• **Your task**:
All that is needed is the listing, transcribed exactly and in full.

• **Records supplied**:
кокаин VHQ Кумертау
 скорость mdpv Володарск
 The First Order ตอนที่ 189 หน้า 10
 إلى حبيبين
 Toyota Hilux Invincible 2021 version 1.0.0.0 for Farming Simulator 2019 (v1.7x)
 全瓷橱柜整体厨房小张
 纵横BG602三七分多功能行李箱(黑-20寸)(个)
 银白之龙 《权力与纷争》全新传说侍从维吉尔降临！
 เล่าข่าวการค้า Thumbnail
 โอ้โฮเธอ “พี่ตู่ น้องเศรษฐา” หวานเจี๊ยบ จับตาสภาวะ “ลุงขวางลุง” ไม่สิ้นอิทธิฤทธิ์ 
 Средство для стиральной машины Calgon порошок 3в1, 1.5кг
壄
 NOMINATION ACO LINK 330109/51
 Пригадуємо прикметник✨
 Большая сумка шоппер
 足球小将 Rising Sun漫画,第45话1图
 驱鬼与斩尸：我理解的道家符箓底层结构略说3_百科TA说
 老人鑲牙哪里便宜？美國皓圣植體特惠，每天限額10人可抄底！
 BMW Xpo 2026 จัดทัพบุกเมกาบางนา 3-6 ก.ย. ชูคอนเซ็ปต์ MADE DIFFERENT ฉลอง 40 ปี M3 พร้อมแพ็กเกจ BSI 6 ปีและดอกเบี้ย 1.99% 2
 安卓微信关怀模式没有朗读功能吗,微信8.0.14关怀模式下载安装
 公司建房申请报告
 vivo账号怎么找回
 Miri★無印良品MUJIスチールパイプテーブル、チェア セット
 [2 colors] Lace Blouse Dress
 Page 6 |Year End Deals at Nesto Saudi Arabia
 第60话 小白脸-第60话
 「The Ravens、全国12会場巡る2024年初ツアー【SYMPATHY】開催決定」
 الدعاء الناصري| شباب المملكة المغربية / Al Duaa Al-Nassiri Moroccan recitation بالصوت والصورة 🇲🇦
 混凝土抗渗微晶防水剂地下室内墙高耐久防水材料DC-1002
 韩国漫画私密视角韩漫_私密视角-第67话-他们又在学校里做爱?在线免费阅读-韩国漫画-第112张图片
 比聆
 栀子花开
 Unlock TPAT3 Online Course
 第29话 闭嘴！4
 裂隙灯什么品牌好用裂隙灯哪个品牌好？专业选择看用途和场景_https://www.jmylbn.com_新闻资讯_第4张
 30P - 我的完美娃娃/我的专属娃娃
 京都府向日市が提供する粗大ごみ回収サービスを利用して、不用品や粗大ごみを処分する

• **Written response**:
кокаин VHQ Кумертау
 скорость mdpv Володарск
 The First Order ตอนที่ 189 หน้า 10
 إلى حبيبين
 Toyota Hilux Invincible 2021 version 1.0.0.0 for Farming Simulator 2019 (v1.7x)
 全瓷橱柜整体厨房小张
 纵横BG602三七分多功能行李箱(黑-20寸)(个)
 银白之龙 《权力与纷争》全新传说侍从维吉尔降临！
 เล่าข่าวการค้า Thumbnail
 โอ้โฮเธอ “พี่ตู่ น้องเศรษฐา” หวานเจี๊ยบ จับตาสภาวะ “ลุงขวางลุง” ไม่สิ้นอิทธิฤทธิ์ 
 Средство для стиральной машины Calgon порошок 3в1, 1.5кг
壄
 NOMINATION ACO LINK 330109/51
 Пригадуємо прикметник✨
 Большая сумка шоппер
 足球小将 Rising Sun漫画,第45话1图
 驱鬼与斩尸：我理解的道家符箓底层结构略说3_百科TA说
 老人鑲牙哪里便宜？美國皓圣植體特惠，每天限額10人可抄底！
 BMW Xpo 2026 จัดทัพบุกเมกาบางนา 3-6 ก.ย. ชูคอนเซ็ปต์ MADE DIFFERENT ฉลอง 40 ปี M3 พร้อมแพ็กเกจ BSI 6 ปีและดอกเบี้ย 1.99% 2
 安卓微信关怀模式没有朗读功能吗,微信8.0.14关怀模式下载安装
 公司建房申请报告
 vivo账号怎么找回
 Miri★無印良品MUJIスチールパイプテーブル、チェア セット
 [2 colors] Lace Blouse Dress
 Page 6 |Year End Deals at Nesto Saudi Arabia
 第60话 小白脸-第60话
 「The Ravens、全国12会場巡る2024年初ツアー【SYMPATHY】開催決定」
 الدعاء الناصري| شباب المملكة المغربية / Al Duaa Al-Nassiri Moroccan recitation بالصوت والصورة 🇲🇦
 混凝土抗渗微晶防水剂地下室内墙高耐久防水材料DC-1002
 韩国漫画私密视角韩漫_私密视角-第67话-他们又在学校里做爱?在线免费阅读-韩国漫画-第112张图片
 比聆
 栀子花开
 Unlock TPAT3 Online Course
 第29话 闭嘴！4
 裂隙灯什么品牌好用裂隙灯哪个品牌好？专业选择看用途和场景_https://www.jmylbn.com_新闻资讯_第4张
 30P - 我的完美娃娃/我的专属娃娃
 京都府向日市が提供する粗大ごみ回収サービスを利用して、不用品や粗大ごみを処分する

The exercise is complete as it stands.